● **What to do**: Every entry in this listing should be written out exactly.

Data supplied below:

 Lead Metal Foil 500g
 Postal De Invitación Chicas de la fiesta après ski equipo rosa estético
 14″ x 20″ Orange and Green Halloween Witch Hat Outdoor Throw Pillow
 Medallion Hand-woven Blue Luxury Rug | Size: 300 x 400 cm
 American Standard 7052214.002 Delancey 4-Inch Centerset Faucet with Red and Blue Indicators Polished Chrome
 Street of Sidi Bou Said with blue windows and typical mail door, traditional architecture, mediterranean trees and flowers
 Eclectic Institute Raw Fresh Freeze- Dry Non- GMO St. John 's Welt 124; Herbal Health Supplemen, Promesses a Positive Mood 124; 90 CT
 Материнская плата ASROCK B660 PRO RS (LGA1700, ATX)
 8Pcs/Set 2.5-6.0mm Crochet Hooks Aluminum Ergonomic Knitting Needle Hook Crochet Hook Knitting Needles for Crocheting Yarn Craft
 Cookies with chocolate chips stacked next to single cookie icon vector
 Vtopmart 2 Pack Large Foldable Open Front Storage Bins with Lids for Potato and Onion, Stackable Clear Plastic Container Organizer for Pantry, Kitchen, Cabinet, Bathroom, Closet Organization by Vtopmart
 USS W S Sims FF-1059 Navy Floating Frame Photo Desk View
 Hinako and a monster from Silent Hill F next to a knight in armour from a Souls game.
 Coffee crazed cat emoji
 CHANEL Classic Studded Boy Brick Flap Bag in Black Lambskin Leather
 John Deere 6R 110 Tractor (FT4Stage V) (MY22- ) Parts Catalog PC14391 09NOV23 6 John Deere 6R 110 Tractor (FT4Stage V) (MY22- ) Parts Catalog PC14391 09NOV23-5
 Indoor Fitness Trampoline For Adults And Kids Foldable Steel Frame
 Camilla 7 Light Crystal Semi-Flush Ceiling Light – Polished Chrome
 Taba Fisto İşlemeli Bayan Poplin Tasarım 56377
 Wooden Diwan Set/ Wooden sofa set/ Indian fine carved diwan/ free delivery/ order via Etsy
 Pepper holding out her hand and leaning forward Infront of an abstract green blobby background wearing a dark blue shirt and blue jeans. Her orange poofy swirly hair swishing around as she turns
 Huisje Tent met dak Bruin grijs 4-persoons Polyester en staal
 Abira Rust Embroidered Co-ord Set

End of Data supplied.

● **Solution to the exercise**:
 Lead Metal Foil 500g
 Postal De Invitación Chicas de la fiesta après ski equipo rosa estético
 14″ x 20″ Orange and Green Halloween Witch Hat Outdoor Throw Pillow
 Medallion Hand-woven Blue Luxury Rug | Size: 300 x 400 cm
 American Standard 7052214.002 Delancey 4-Inch Centerset Faucet with Red and Blue Indicators Polished Chrome
 Street of Sidi Bou Said with blue windows and typical mail door, traditional architecture, mediterranean trees and flowers
 Eclectic Institute Raw Fresh Freeze- Dry Non- GMO St. John 's Welt 124; Herbal Health Supplemen, Promesses a Positive Mood 124; 90 CT
 Материнская плата ASROCK B660 PRO RS (LGA1700, ATX)
 8Pcs/Set 2.5-6.0mm Crochet Hooks Aluminum Ergonomic Knitting Needle Hook Crochet Hook Knitting Needles for Crocheting Yarn Craft
 Cookies with chocolate chips stacked next to single cookie icon vector
 Vtopmart 2 Pack Large Foldable Open Front Storage Bins with Lids for Potato and Onion, Stackable Clear Plastic Container Organizer for Pantry, Kitchen, Cabinet, Bathroom, Closet Organization by Vtopmart
 USS W S Sims FF-1059 Navy Floating Frame Photo Desk View
 Hinako and a monster from Silent Hill F next to a knight in armour from a Souls game.
 Coffee crazed cat emoji
 CHANEL Classic Studded Boy Brick Flap Bag in Black Lambskin Leather
 John Deere 6R 110 Tractor (FT4Stage V) (MY22- ) Parts Catalog PC14391 09NOV23 6 John Deere 6R 110 Tractor (FT4Stage V) (MY22- ) Parts Catalog PC14391 09NOV23-5
 Indoor Fitness Trampoline For Adults And Kids Foldable Steel Frame
 Camilla 7 Light Crystal Semi-Flush Ceiling Light – Polished Chrome
 Taba Fisto İşlemeli Bayan Poplin Tasarım 56377
 Wooden Diwan Set/ Wooden sofa set/ Indian fine carved diwan/ free delivery/ order via Etsy
 Pepper holding out her hand and leaning forward Infront of an abstract green blobby background wearing a dark blue shirt and blue jeans. Her orange poofy swirly hair swishing around as she turns
 Huisje Tent met dak Bruin grijs 4-persoons Polyester en staal
 Abira Rust Embroidered Co-ord Set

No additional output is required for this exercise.